HOW TO COMPLETE THIS TASK: All entries below are to be retyped in full, precisely as they appear.

(Short text fragments from websites)

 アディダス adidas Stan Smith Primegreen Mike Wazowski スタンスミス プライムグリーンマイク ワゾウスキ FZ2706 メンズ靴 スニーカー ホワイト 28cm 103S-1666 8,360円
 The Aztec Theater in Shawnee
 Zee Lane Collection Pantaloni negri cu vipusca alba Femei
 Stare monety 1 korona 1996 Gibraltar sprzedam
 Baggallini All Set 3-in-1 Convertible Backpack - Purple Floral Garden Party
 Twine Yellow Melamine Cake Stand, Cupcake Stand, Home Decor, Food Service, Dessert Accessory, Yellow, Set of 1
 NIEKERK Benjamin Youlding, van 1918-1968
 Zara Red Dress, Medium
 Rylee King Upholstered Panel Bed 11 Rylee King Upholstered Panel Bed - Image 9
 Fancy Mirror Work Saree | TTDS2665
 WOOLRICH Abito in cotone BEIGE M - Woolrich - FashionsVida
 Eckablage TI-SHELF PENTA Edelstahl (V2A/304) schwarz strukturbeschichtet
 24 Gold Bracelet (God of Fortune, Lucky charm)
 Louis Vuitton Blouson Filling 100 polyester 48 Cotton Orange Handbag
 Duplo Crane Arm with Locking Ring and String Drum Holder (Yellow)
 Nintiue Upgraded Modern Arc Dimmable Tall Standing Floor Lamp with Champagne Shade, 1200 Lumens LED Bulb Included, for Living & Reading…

ANSWER SPACE:
 アディダス adidas Stan Smith Primegreen Mike Wazowski スタンスミス プライムグリーンマイク ワゾウスキ FZ2706 メンズ靴 スニーカー ホワイト 28cm 103S-1666 8,360円
 The Aztec Theater in Shawnee
 Zee Lane Collection Pantaloni negri cu vipusca alba Femei
 Stare monety 1 korona 1996 Gibraltar sprzedam
 Baggallini All Set 3-in-1 Convertible Backpack - Purple Floral Garden Party
 Twine Yellow Melamine Cake Stand, Cupcake Stand, Home Decor, Food Service, Dessert Accessory, Yellow, Set of 1
 NIEKERK Benjamin Youlding, van 1918-1968
 Zara Red Dress, Medium
 Rylee King Upholstered Panel Bed 11 Rylee King Upholstered Panel Bed - Image 9
 Fancy Mirror Work Saree | TTDS2665
 WOOLRICH Abito in cotone BEIGE M - Woolrich - FashionsVida
 Eckablage TI-SHELF PENTA Edelstahl (V2A/304) schwarz strukturbeschichtet
 24 Gold Bracelet (God of Fortune, Lucky charm)
 Louis Vuitton Blouson Filling 100 polyester 48 Cotton Orange Handbag
 Duplo Crane Arm with Locking Ring and String Drum Holder (Yellow)
 Nintiue Upgraded Modern Arc Dimmable Tall Standing Floor Lamp with Champagne Shade, 1200 Lumens LED Bulb Included, for Living & Reading…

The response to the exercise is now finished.